UFC 235: Jon Jones not ashamed after testing positive for banned substance
Jon Jones says he "has no shame" about traces of a banned substance being found in his system before his light-heavyweight title defence at UFC 235.
The American faces Anthony Smith at Las Vegas' T-Mobile Arena on Saturday.
Jones will be allowed to fight, with authorities believing the substance remains from a positive test for which he has already served a suspension.
"I am comfortable with the idea that it's going to be a part of my career," said Jones.
The 31-year-old was handed a 15-month backdated ban after testing positive for a banned substance before UFC 214 in July 2017, although the United States Anti-Doping Agency (Usada) found he "was not intentionally cheating".

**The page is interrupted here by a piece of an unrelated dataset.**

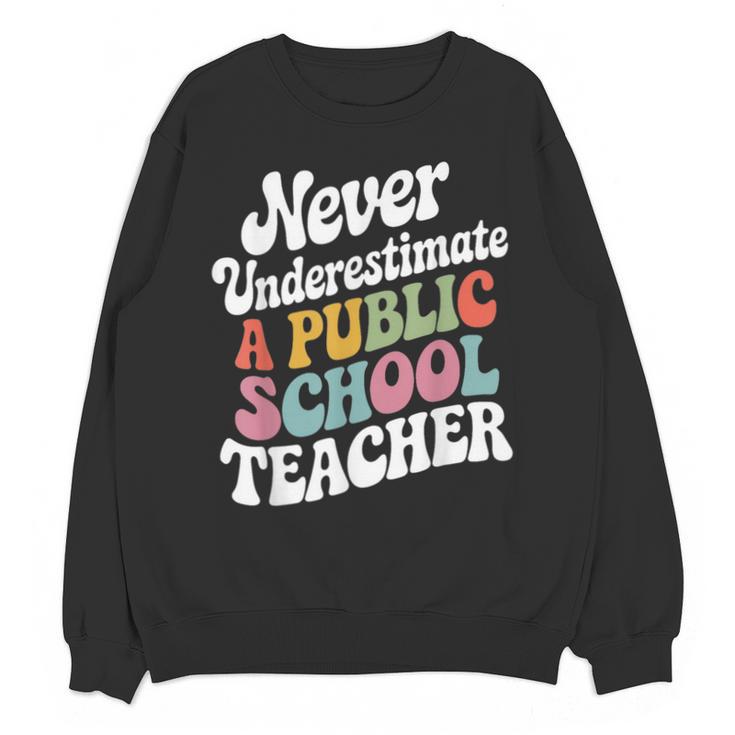 Never Underestimate a Public School Teacher Public Education Unisex Sweatshirt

In December, UFC moved a whole card from Las Vegas to Los Angeles at five days' notice after he tested positive for a tiny amount of the same metabolite and the Nevada State Athletic Commission (NSAC) said it did not have time to investigate.

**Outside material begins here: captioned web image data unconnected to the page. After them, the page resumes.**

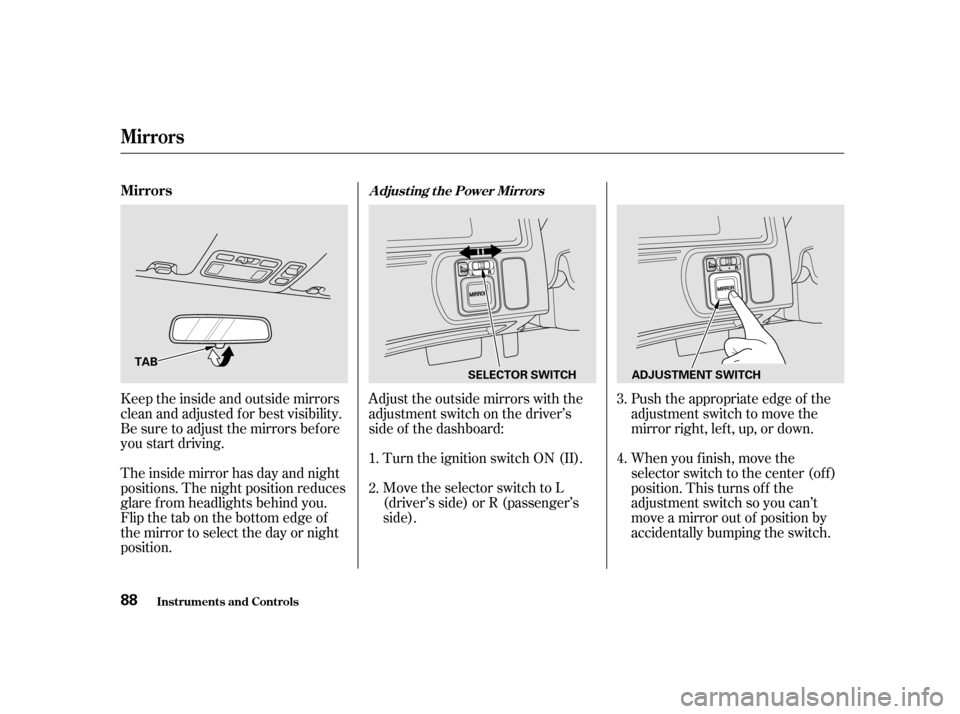 HONDA CIVIC HATCHBACK 2003 7.G Manual Online Adjust the outside mirrors with the 
adjustment switch on the driver’s
side of the dashboard:Turn the ignition switch ON (II). 
Move the selector switch to L 
(driver’s side) or R (passenger’s
s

The NSAC then confirmed on Thursday that two of five drug tests it subjected Jones to in the run-up to UFC 235 also returned positive tests.
However, it said Jones was "co-operative" and that there was no evidence the metabolite had been re-administered or would give him an "unfair advantage".

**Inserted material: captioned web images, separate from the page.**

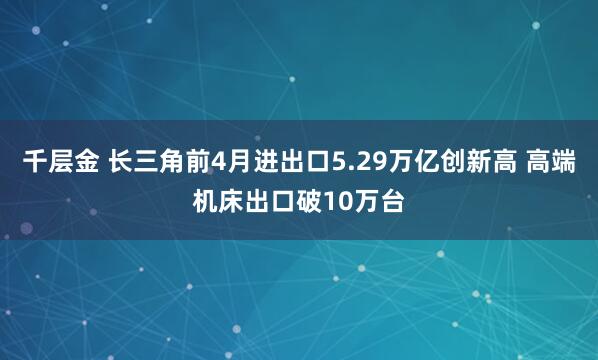 千层金 长三角前4月进出口5.29万亿创新高 高端机床出口破10万台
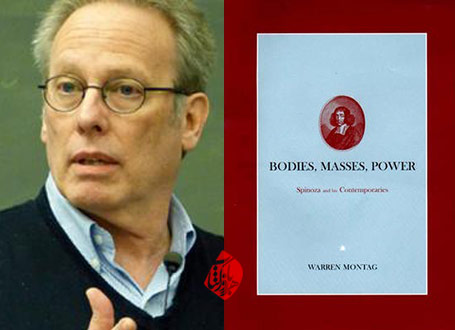 بازگشت به اسپینوزا: بدن‌ها، توده‌ها، قدرت» [Bodies, masses, power : Spinoza and his contemporaries] نوشته وارن مونتاگ [Warren Montag] 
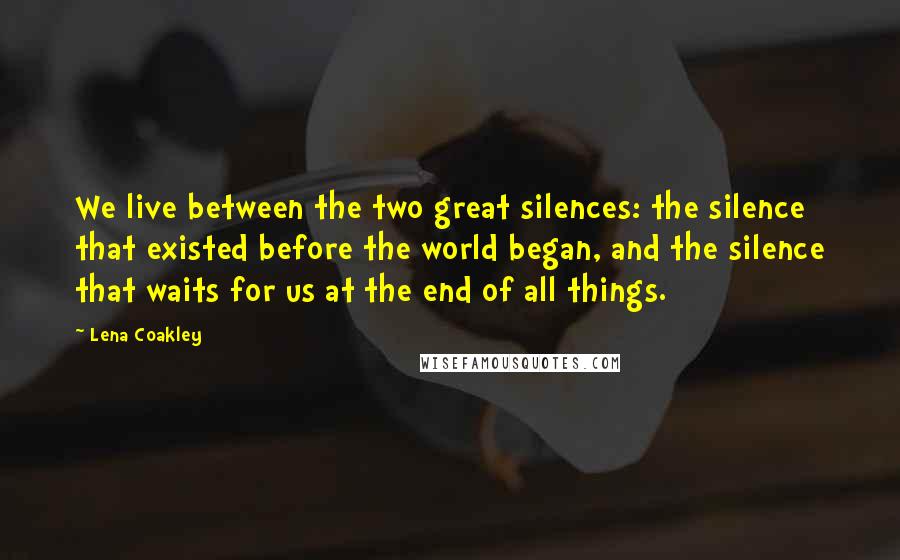 Lena Coakley Quotes: We live between the two great silences: the silence that existed before the world began, and the silence that waits for us at the end of all things.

"I just wish fans would not just look at the headlines, click on the links and read and learn what's going on," added Jones.
"I am comfortable in this space. I've set myself free from any level of embarrassment, I have no shame.
"What makes me sleep at night is knowing I have submitted myself to every drug test, I am getting tested by three of the most powerful agencies in the world, I have never avoided a test."
Jones, who has been tested by the NSAC, Usada and the Voluntary Anti-Doping Agency, says he has learned of Major League Baseball players and other fighters in the UFC who have suffered the same problem.
"When I found out the last event was cancelled and switched, I broke down crying," added Jones, who beat Sweden's Alexander Gustafsson to claim the vacant title.
"I just feel like the more I am accessible, the more data they'll understand and the more everybody will understand.
"Every time it's like an 'oh darn it' moment, but I am comfortable with the idea that it's going to be a part of my career and I don't know how long this is going to last.
"I am not going to allow anything to hurt me any more. I am not going to let it bend me or break me."